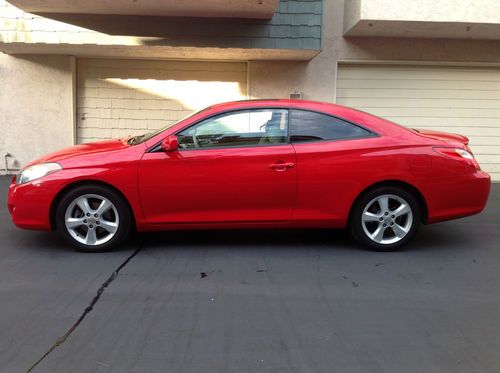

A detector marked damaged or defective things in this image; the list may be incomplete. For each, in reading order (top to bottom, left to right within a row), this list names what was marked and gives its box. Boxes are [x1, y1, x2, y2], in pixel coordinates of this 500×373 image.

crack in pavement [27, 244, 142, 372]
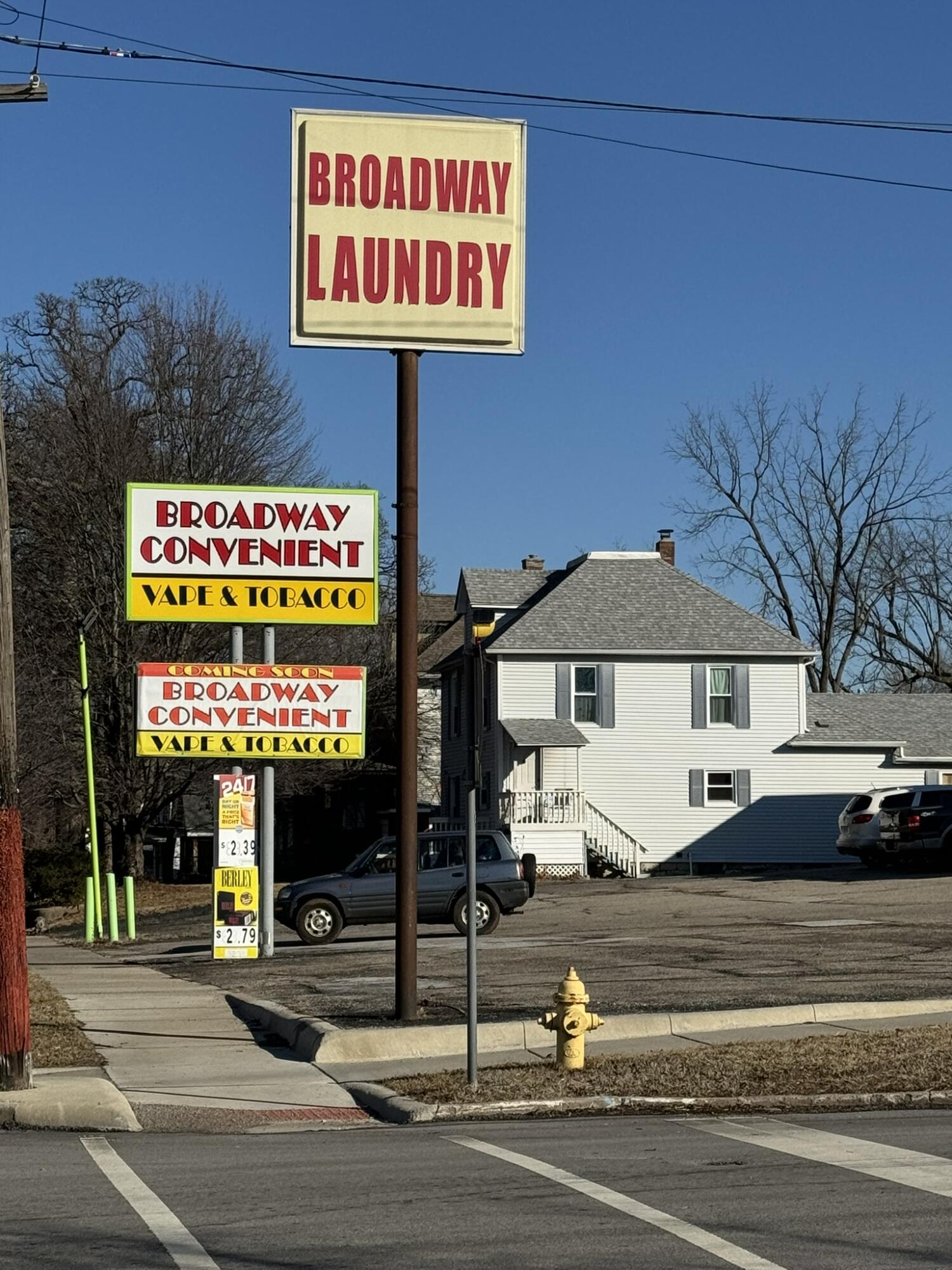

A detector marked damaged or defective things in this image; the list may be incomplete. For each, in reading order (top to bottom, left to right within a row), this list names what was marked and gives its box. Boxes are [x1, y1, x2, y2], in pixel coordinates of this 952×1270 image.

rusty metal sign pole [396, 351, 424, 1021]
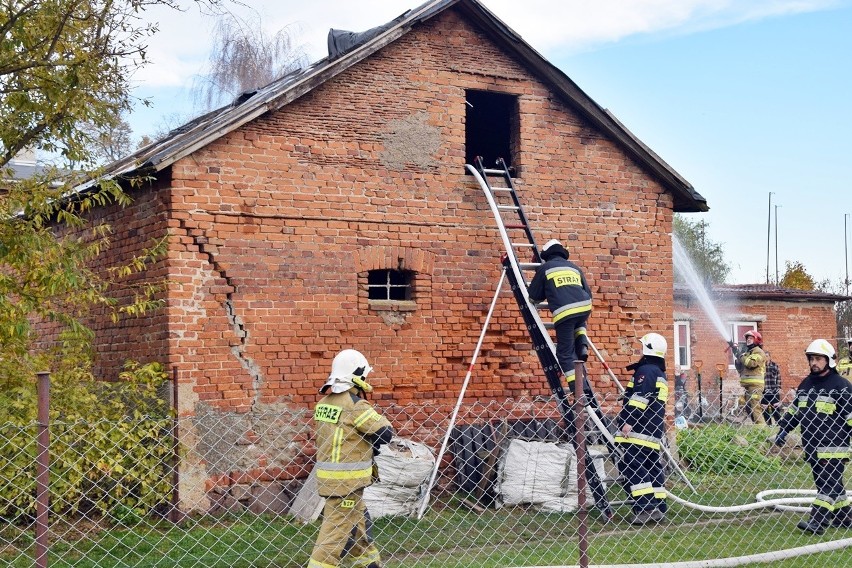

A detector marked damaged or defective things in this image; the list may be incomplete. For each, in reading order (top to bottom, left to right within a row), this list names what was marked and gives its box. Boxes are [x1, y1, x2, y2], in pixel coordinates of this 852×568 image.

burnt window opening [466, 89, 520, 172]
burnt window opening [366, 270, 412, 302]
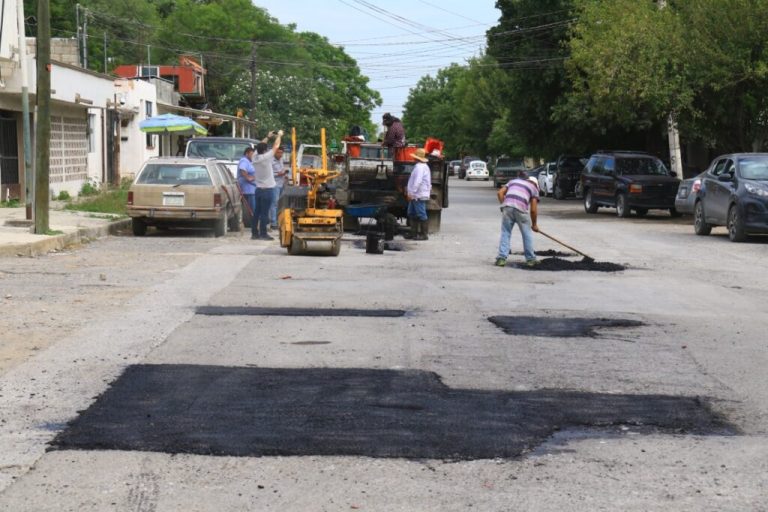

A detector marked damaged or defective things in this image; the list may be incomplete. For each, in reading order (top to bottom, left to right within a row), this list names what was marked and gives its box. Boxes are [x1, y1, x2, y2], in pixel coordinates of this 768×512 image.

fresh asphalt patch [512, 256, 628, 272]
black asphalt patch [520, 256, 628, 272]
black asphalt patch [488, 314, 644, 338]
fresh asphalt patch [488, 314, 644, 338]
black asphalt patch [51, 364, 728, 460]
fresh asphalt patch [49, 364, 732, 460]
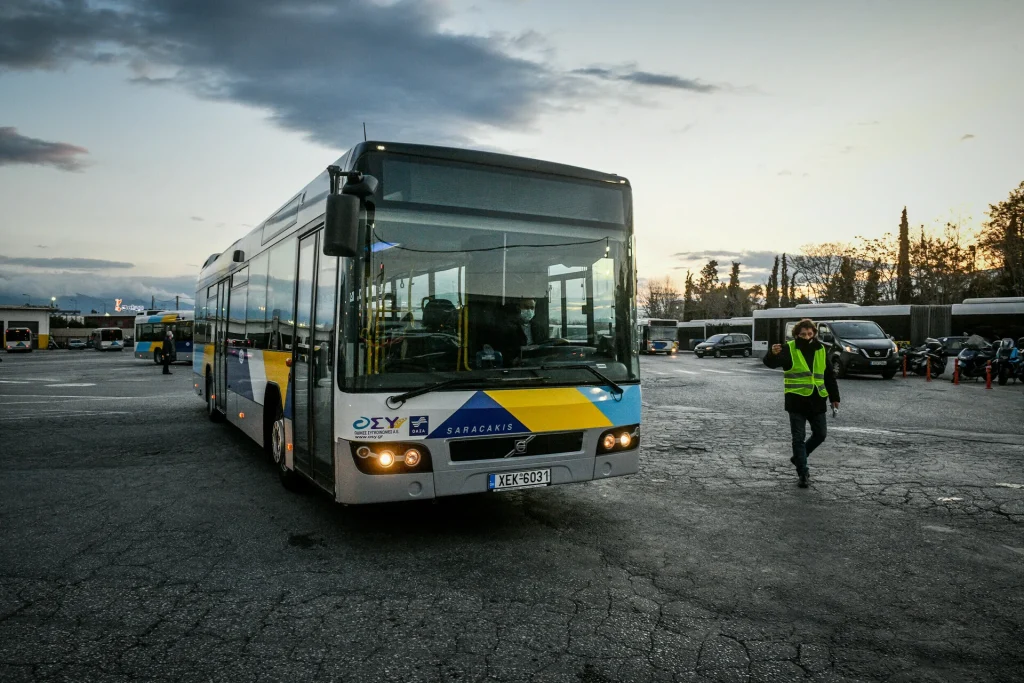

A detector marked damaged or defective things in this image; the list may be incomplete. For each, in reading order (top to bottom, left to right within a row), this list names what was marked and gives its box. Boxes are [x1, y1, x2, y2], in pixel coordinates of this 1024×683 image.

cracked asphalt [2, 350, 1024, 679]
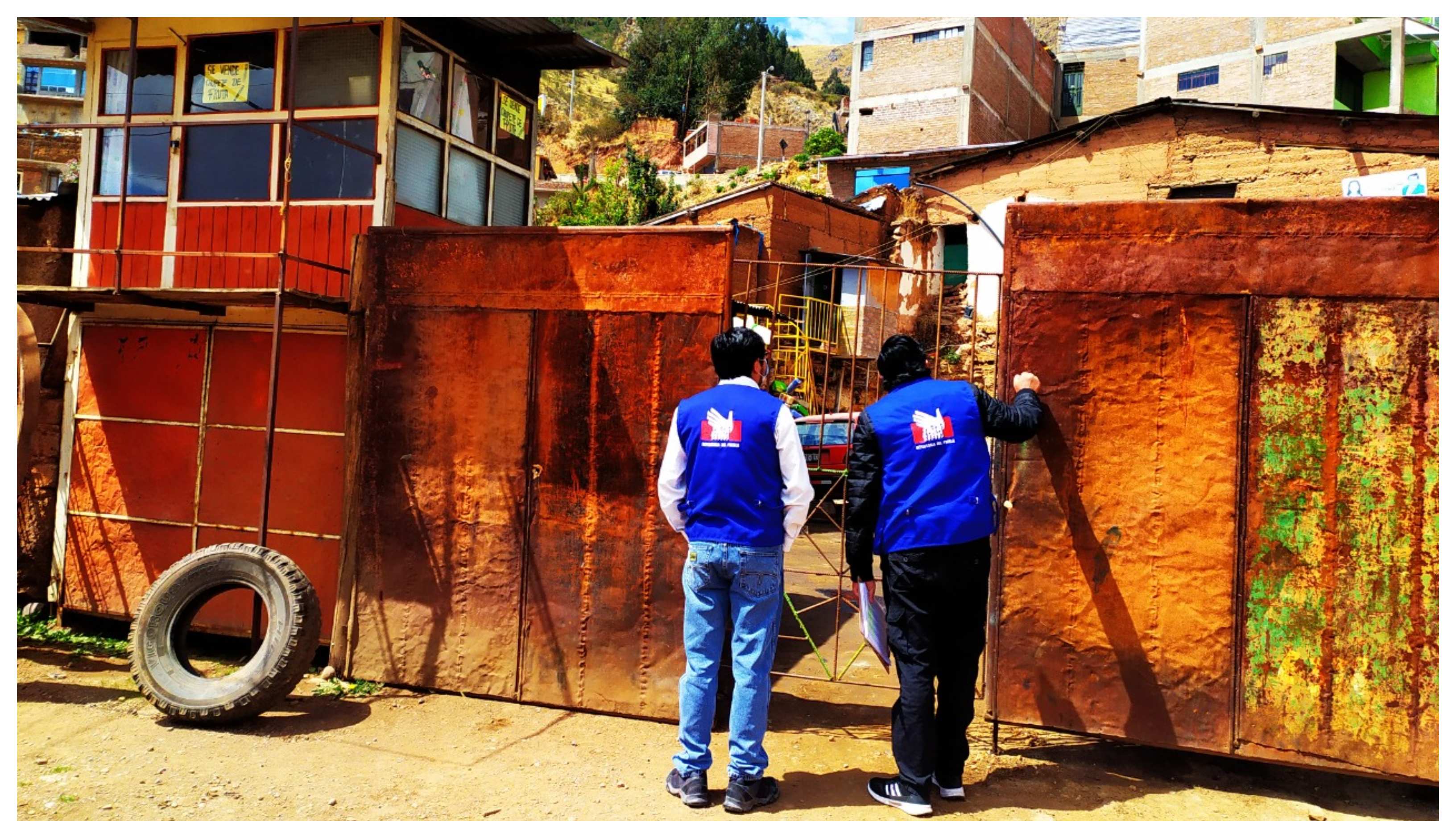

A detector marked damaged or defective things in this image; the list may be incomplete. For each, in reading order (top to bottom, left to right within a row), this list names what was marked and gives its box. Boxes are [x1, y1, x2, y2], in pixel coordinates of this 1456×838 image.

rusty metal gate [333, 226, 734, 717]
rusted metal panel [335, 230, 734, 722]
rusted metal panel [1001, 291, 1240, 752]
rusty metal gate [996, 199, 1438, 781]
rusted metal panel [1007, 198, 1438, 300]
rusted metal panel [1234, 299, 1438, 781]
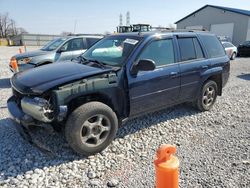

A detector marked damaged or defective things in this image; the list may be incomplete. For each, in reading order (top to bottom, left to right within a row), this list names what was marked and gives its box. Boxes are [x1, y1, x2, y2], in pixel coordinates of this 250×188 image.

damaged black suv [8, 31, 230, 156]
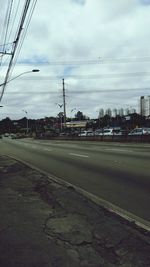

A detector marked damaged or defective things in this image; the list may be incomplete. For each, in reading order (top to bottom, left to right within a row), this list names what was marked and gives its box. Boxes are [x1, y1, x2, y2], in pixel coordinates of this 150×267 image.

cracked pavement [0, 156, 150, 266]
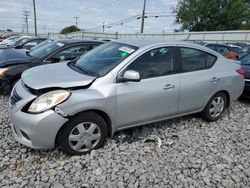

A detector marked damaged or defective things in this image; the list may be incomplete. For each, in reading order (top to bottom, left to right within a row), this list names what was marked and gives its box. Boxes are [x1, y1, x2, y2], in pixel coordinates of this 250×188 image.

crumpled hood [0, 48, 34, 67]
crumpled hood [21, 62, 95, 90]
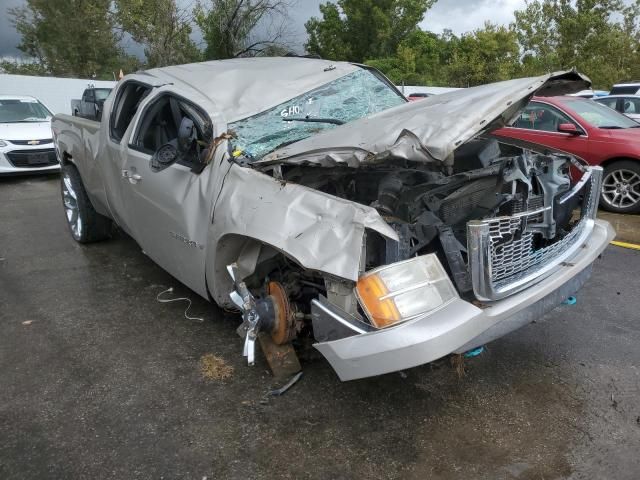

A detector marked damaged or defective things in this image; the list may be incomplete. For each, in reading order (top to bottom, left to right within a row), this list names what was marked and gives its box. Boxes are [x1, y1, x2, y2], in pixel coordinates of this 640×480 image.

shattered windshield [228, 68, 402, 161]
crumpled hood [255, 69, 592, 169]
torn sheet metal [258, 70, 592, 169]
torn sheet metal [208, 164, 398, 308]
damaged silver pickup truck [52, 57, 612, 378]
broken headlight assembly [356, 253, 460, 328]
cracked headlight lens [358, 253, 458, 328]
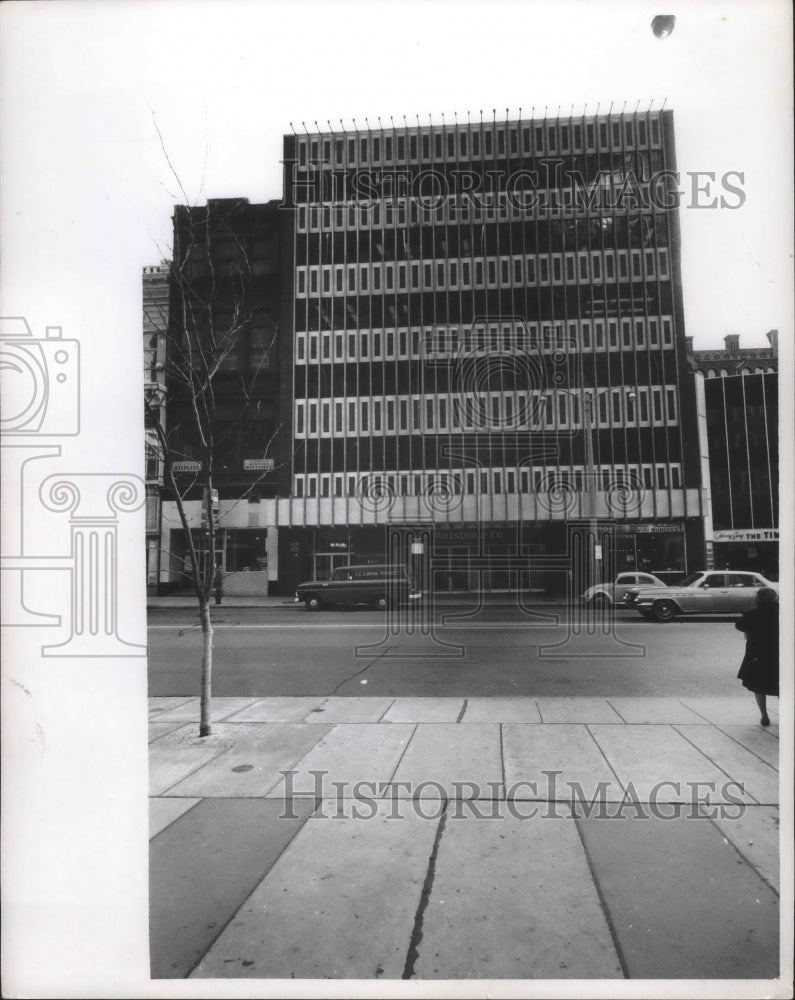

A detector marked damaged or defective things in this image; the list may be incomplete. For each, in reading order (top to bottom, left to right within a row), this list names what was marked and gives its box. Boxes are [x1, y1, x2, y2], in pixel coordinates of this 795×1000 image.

————————

*TASK DESCRIPTION*
Take the line containing "this 640×480 image." through the last line of the material and retype exactly those lines, both ends included, with no pictures.

*RESULT FOR THIS EXERCISE*
A detector marked damaged or defective things in this image; the list may be incomplete. For each, in reading order (top to bottom, left to right within a row), this list names what was marked and gives its box. Boxes are [x1, y1, x2, y2], in pixel coordinates of this 640×480 image.

shattered windshield [228, 68, 402, 161]
crumpled hood [255, 69, 592, 169]
torn sheet metal [258, 70, 592, 169]
torn sheet metal [208, 164, 398, 308]
damaged silver pickup truck [52, 57, 612, 378]
broken headlight assembly [356, 253, 460, 328]
cracked headlight lens [358, 253, 458, 328]

A detector marked damaged or defective things in this image; the list may be incomplete. For each, in reading order (top to bottom, left to right within a row), this list names what was marked and gives its box. Boxes are [x1, y1, x2, y2], in pixel coordinates of this 795×1000 image.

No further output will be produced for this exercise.